Infiltration Into Afghanistan

 

  • Tensions between the Kabul and Islamabad governments — which stretch back many decades — have at times reached alarming levels in recent years, with top Afghan officials accusing Pakistan of manipulating Islamic militancy in the region to destabilize Afghanistan.
  • The Pakistani Taliban differ from their Afghan brethren in several respects, perhaps most significantly in a lack of organization and cohesion, and they possess no unified leadership council.
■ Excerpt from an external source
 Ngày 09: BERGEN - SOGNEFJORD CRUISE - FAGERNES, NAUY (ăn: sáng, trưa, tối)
Moreover, the Pakistani Taliban appear to have more limited objectives, in contrast with the Afghan Taliban who are struggling to regain national power in Kabul.
  • At the same time, however, both groups pledge fealty to a single leader — Mullah Omar — and both share fundamental policy objectives with regard to U.S. and other Western govt roles in the region.
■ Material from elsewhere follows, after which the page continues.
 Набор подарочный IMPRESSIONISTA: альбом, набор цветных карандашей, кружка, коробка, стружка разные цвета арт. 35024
  • One U.S. press report claimed that Pentagon documents from 2004 gave U.S. special forces in Afghanistan authority to enter Pakistani territory — even without prior notice to Islamabad — while in “hot pursuit” of Al Qaeda and Taliban fighters or to take direct action against “the Big 3”: Osama bin Laden, Ayman al Zawahri, or Mullah Omar. A Pakistani military spokesman called the report “nonsense” and denied there was any such arrangement.
  • As the U.S. presidential campaign gained momentum in late 2007, some candidates urged that U.S. forces should enter Pakistan to neutralize suspected Al Qaeda assets there; President Musharraf responded by saying he would consider such unauthorized crossing an invasion.